26 November 2015 - Post by:Sheila Fahy
For reasons I am not disclosing, I was drawn to the Government’s announcement last week that it will be targeting the gender pay gap in relation to women over the age of 40. It is widely known that the overall gender pay gap currently stands at 19.5%, but when the figures are analysed a little deeper, an altogether different story emerges.
Looking purely at figures for full-time employment, the gender pay gap is just below 10%. Once the data is divided into age groups, the gap varies significantly. Interestingly, during the peak child-bearing period, women earn more or almost the same as men. Specifically, between the ages of 22 and 29, a woman earns around 3% more than a man, before a slight gap emerges for women in their 30s. However, it is once a woman has established a family and/or career that her pay will take a steep nose-dive: the gap is at 15.3% for women in their 40s, and increases to 18.4% for women in their 50s.

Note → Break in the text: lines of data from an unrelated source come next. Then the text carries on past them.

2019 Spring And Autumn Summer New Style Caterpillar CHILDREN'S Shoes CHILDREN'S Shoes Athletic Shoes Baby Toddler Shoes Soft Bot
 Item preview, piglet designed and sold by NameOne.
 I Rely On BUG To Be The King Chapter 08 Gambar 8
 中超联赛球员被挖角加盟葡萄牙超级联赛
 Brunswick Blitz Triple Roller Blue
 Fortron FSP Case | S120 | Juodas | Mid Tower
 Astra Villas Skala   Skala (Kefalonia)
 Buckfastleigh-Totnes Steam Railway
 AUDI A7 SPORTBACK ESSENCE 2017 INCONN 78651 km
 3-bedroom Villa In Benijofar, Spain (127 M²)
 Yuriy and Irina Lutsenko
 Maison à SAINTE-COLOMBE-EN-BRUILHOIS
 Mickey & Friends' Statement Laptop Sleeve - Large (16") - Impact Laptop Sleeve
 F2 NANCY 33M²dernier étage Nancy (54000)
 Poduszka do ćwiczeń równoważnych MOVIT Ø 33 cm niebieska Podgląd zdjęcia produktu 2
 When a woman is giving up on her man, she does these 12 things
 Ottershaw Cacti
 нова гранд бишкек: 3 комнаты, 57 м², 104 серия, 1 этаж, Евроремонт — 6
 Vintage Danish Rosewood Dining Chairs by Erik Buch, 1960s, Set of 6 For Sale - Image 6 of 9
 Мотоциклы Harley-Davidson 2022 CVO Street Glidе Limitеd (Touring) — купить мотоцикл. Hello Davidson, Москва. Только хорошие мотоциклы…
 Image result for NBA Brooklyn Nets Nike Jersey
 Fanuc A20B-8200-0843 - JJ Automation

There are undoubtedly complex and multi-dimensional reasons for the differential, an issue that the Women and Equalities Committee will be examining. The three areas of focus are:
- How effective will the Government’s proposals be in reducing the gender pay gap faced by women over 40?
- Are there any changes that would help reduce the gap more quickly or effectively?
- What could be done to improve the position of women over 40 when it comes to recruitment, retention, promotion and training?
This particular issue demonstrates perfectly that a pay gap of itself is meaningless. The data needs careful analysis, examining role, age, business group, etc, to identify where the problems lie and whether there are explanations for the findings. Only then can resources be directed towards reducing any real gap.